● EXERCISE PROMPT
In the listing below, a line holding "Spacious and Sunlit Seaside Flat - Photo 50" and a line holding "Relax in the" mark the range. Retype both exactly, with all lines between them.
START EXCERPTED DATA
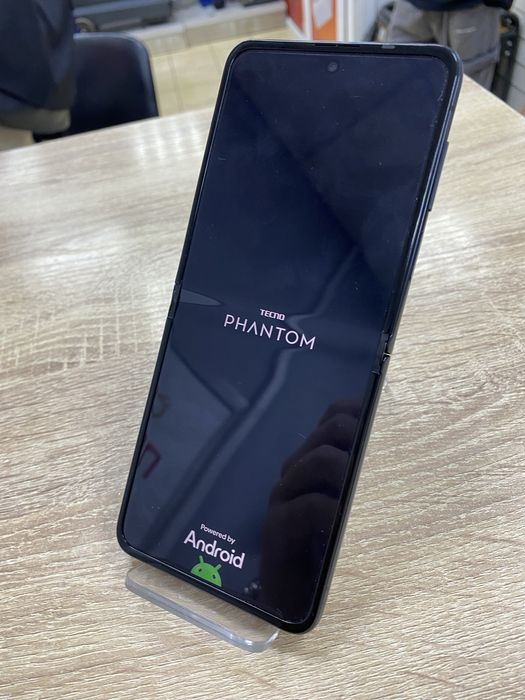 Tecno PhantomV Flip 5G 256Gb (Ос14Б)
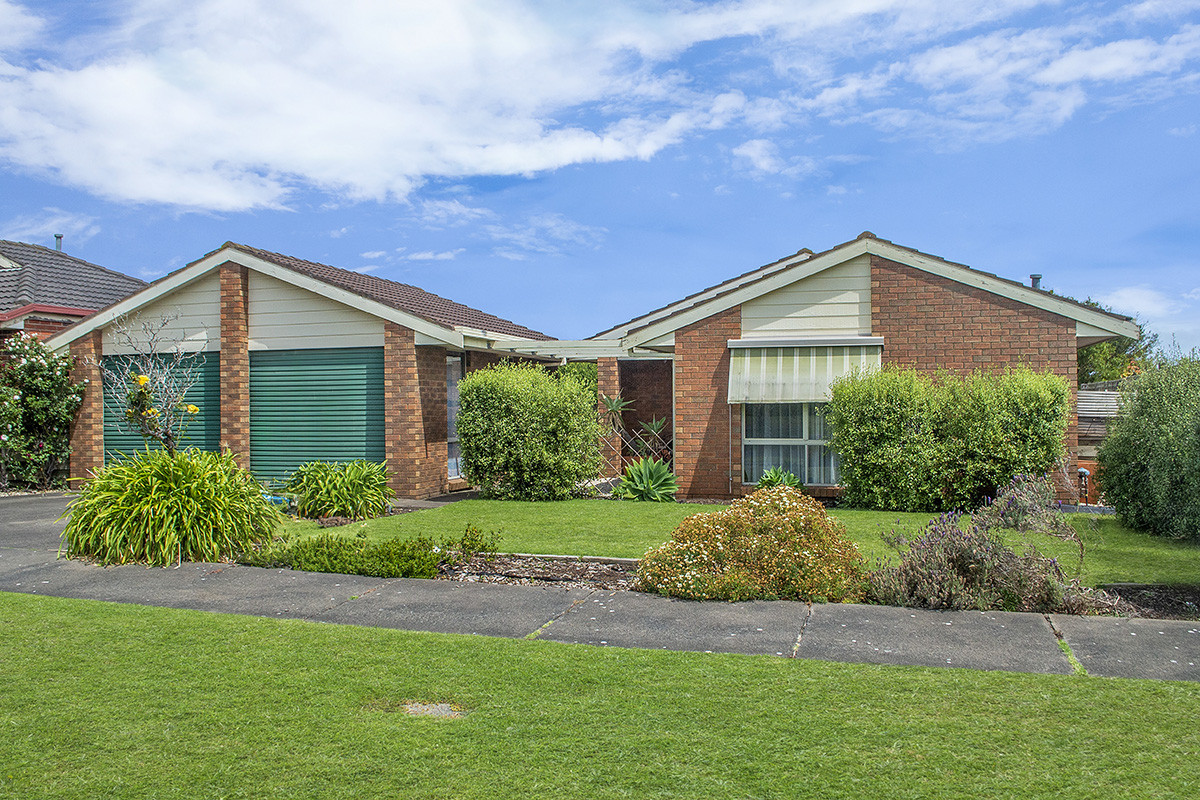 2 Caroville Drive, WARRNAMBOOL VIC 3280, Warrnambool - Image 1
END EXCERPTED DATA
START EXCERPTED DATA
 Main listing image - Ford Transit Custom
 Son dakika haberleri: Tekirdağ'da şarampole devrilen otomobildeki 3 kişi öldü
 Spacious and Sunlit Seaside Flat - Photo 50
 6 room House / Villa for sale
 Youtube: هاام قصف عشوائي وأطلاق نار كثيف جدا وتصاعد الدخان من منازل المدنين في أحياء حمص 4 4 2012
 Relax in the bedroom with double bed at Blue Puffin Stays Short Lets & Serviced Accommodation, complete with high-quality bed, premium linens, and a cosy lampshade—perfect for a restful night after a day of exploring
END EXCERPTED DATA
● RESPONSE
 Spacious and Sunlit Seaside Flat - Photo 50
 6 room House / Villa for sale
 Youtube: هاام قصف عشوائي وأطلاق نار كثيف جدا وتصاعد الدخان من منازل المدنين في أحياء حمص 4 4 2012
 Relax in the bedroom with double bed at Blue Puffin Stays Short Lets & Serviced Accommodation, complete with high-quality bed, premium linens, and a cosy lampshade—perfect for a restful night after a day of exploring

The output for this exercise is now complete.